IRAQ Allies refuse to give in to militants' demands



Radicals assert that two female Italian aid workers have been killed.
BAGHDAD, Iraq (AP) -- Authorities insisted they won't give in to militants' demands to free female Iraqi prisoners despite the broadcast of a videotape that showed a tearful British hostage begging Britain to save his life.
The captive, Kenneth Bigley, appealed to British Prime Minister Tony Blair to intervene. "I think this is possibly my last chance," he said. "I don't want to die."
Bigley's brother, Paul, accused the United States of sabotaging efforts to save his brother's life. He told the British Broadcasting Corp. today that his hopes were raised when Iraqi ministers said one of the female prisoners would be freed. But soon afterward, a U.S. Embassy spokesman ruled out any immediate release.
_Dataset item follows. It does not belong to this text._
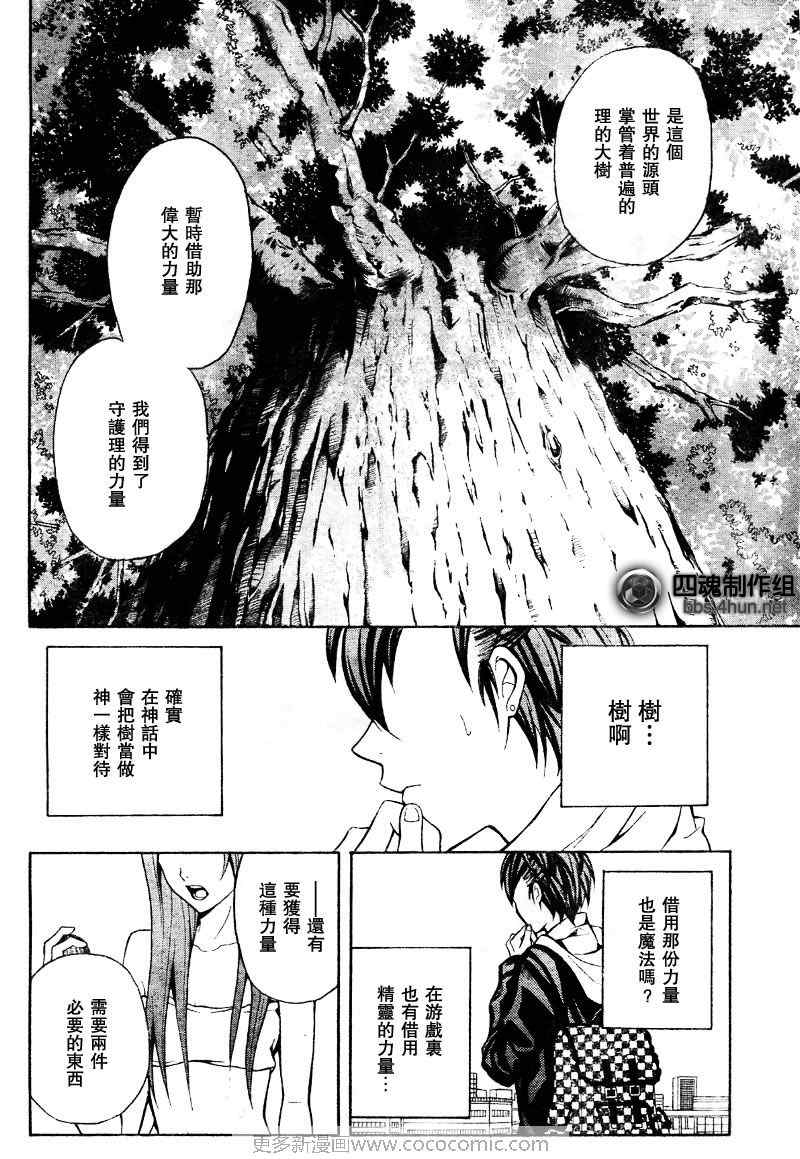 《绝园的暴风雨》漫画 03集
"That was a shadow of light in a big, long, dark, damp, filthy, cold tunnel. Now this has been sabotaged," he said.
Italians reportedly killed
On Wednesday, an Internet statement purportedly by a group that claimed to have kidnapped two Italian aid workers in Iraq said it had killed the women. The pair were working for "Un Ponte Per ..." ("A Bridge to ...").
Today, a second militant group claimed in a Web posting that the two Italian women had been killed. The second statement promised that a video of the slayings would be released. Neither claim could be immediately verified.
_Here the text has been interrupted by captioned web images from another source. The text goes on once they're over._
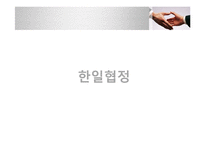 [한일관계사] 한일협정(청구권문제)의 문제점과 해결방안-3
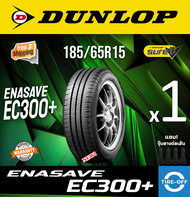 Dunlop 185/65R15 ENASAVE EC300+ ยางใหม่ ผลิตปี2024 ราคาต่อ1เส้น สินค้ามีรับประกันจากโรงงาน แถมจุ๊บลม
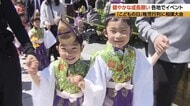 88人のお稚児さんが参加　健やかな成長願い「稚児行列」　長野市の善光寺表参道　　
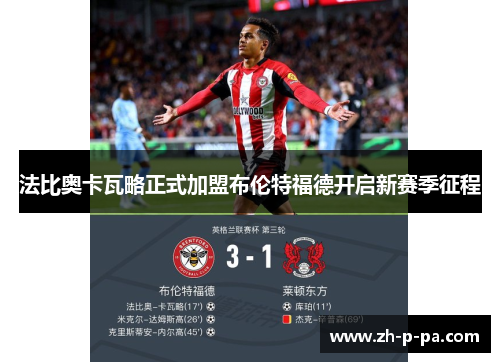 法比奥卡瓦略正式加盟布伦特福德开启新赛季征程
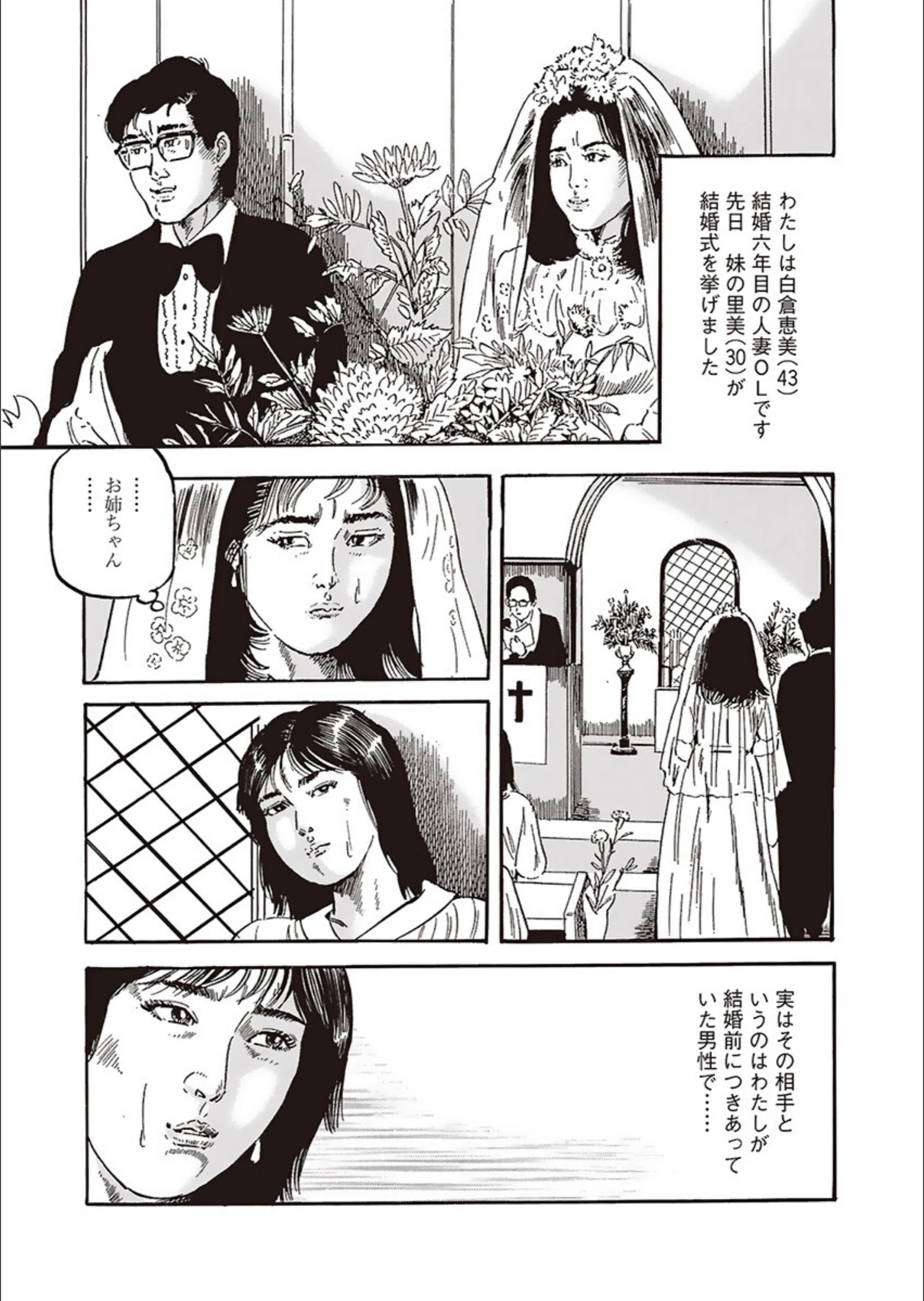 サンプル 8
Simona Pari and Simona Torretta, both 29, were seized from their Baghdad offices by armed militants Sept. 7. They worked for and were involved in school and water projects in Iraq.
The first claim they were killed was unusual because it appeared on a Web site not regularly used by Iraqi militants to relay their statements. A source close to Italian Premier Silvio Berlusconi said the government suspected the claim might not be credible. "Un Ponte Per..." did not have any comment.
Two beheaded
Bigley was being held by a militant group led by Jordanian-born terror mastermind Abu Musab al-Zarqawi. The group has already beheaded Americans Eugene Armstrong and Jack Hensley, whom it abducted along with Bigley from the Westerners' Baghdad home last week. The militants demanded the release of all female prisoners in Iraq.
On Wednesday, the group also posted a video of Hensley's killing on the Internet, as it had two days earlier of Armstrong's beheading.
The gruesome hostage drama played out as fighting raged on in Iraq. At least 20 people -- including three U.S. soldiers -- were killed and more than 100 wounded.
Suicide attack
Suicide attackers struck key diplomatic and commercial centers of the capital, and American tanks and troops searching for weapons stormed into the slum of Sadr City, a stronghold of Shiite militants -- only to come under a barrage of mortar and automatic weapons fire. The violence underscored the inability of U.S. and Iraqi forces to bring security to even the most vital areas of the capital.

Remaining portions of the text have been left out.